## YOUR ASSIGNMENT
Please return the data that follows precisely as written, but without the images.

## GIVEN MATERIAL
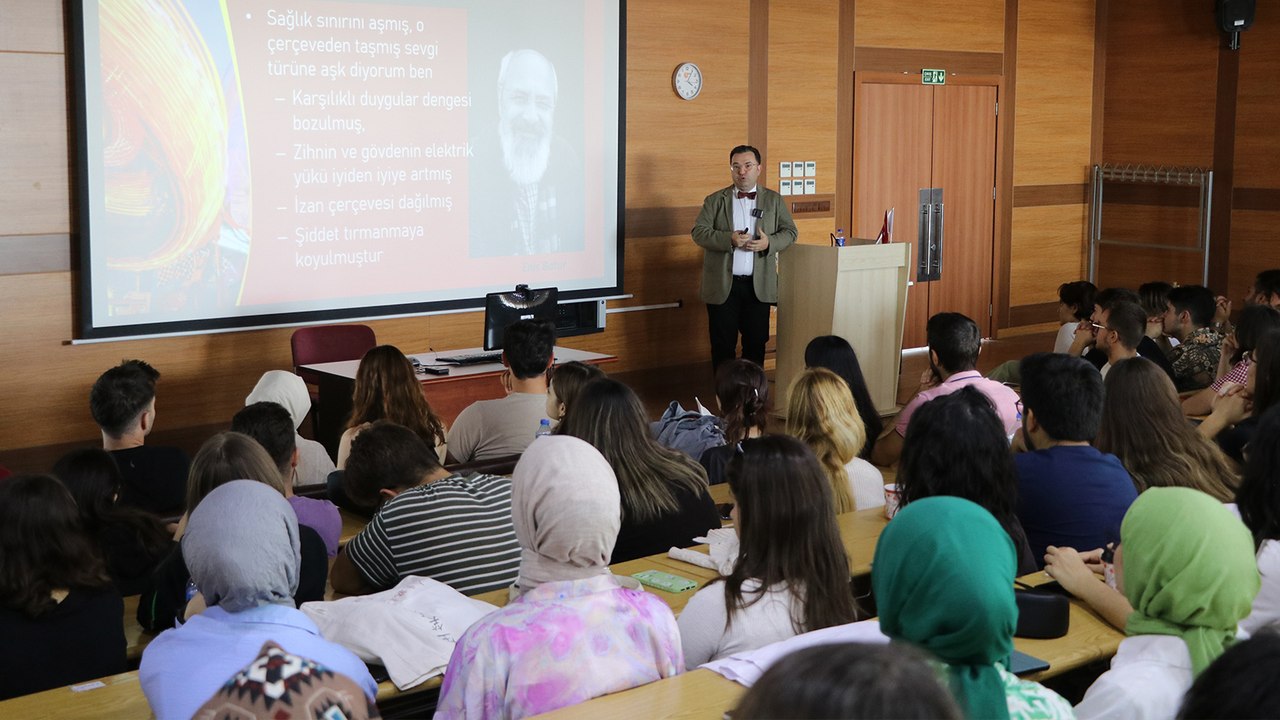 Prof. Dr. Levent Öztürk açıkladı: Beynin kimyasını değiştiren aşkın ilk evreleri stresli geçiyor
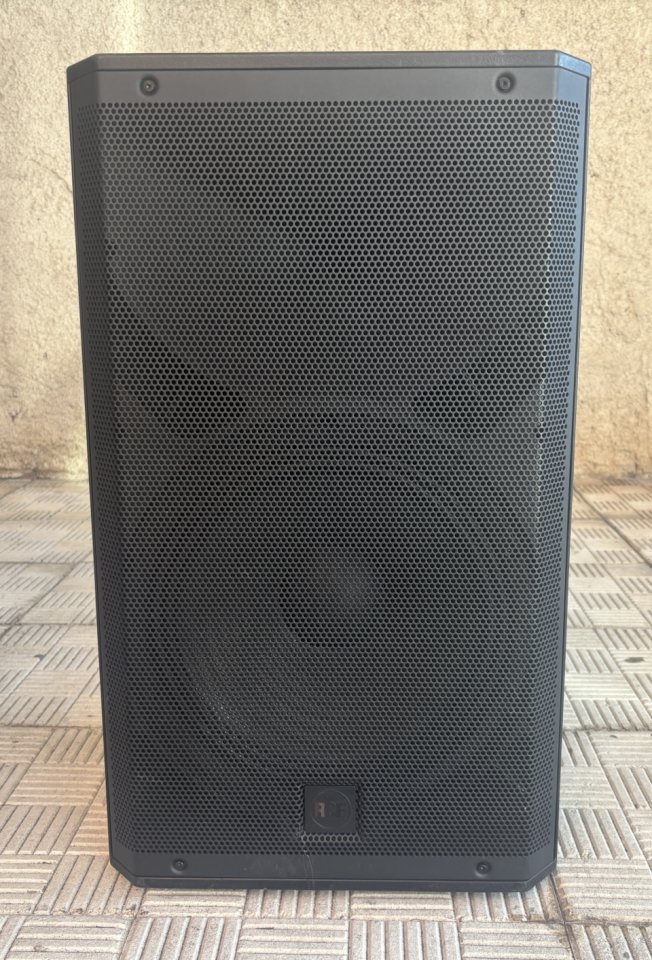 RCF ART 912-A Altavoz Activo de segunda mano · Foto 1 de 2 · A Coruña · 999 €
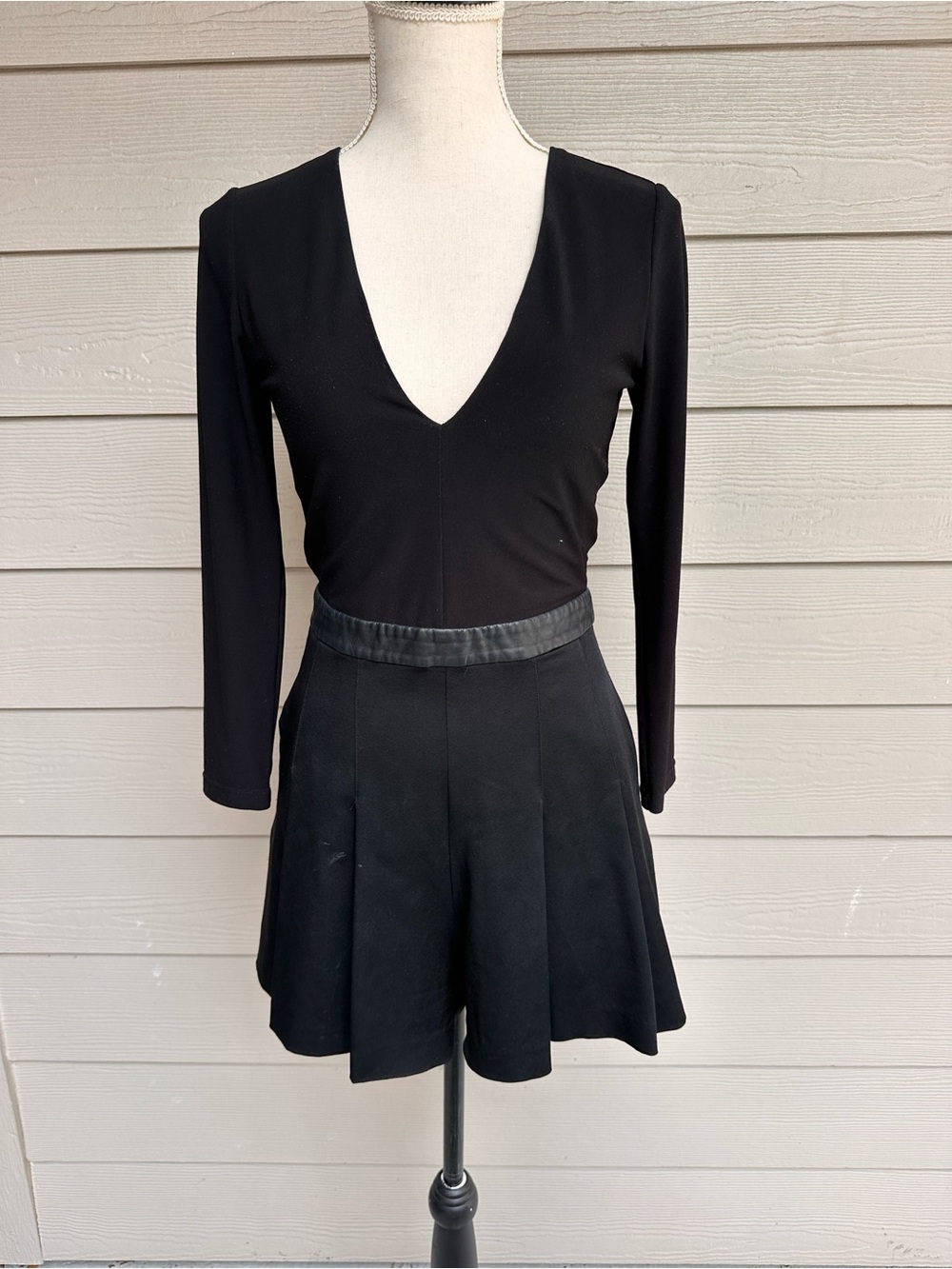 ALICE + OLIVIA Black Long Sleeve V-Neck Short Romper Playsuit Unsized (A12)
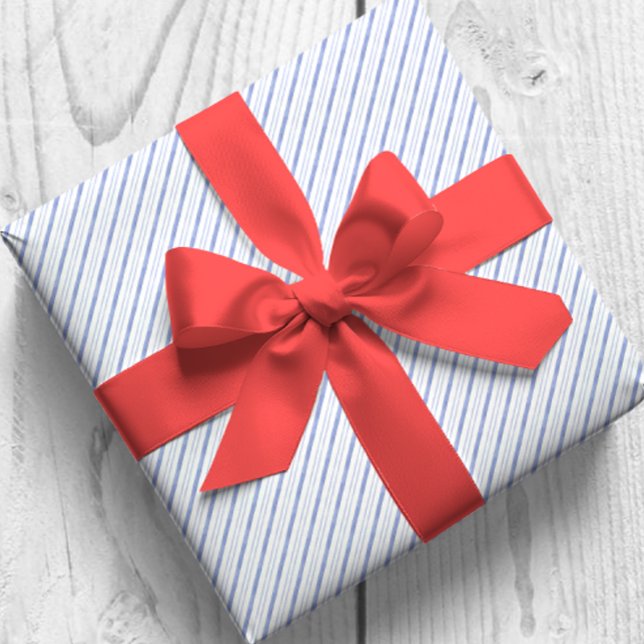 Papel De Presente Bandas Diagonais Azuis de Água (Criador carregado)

## WRITTEN SOLUTION
 Prof. Dr. Levent Öztürk açıkladı: Beynin kimyasını değiştiren aşkın ilk evreleri stresli geçiyor
 RCF ART 912-A Altavoz Activo de segunda mano · Foto 1 de 2 · A Coruña · 999 €
 ALICE + OLIVIA Black Long Sleeve V-Neck Short Romper Playsuit Unsized (A12)
 Papel De Presente Bandas Diagonais Azuis de Água (Criador carregado)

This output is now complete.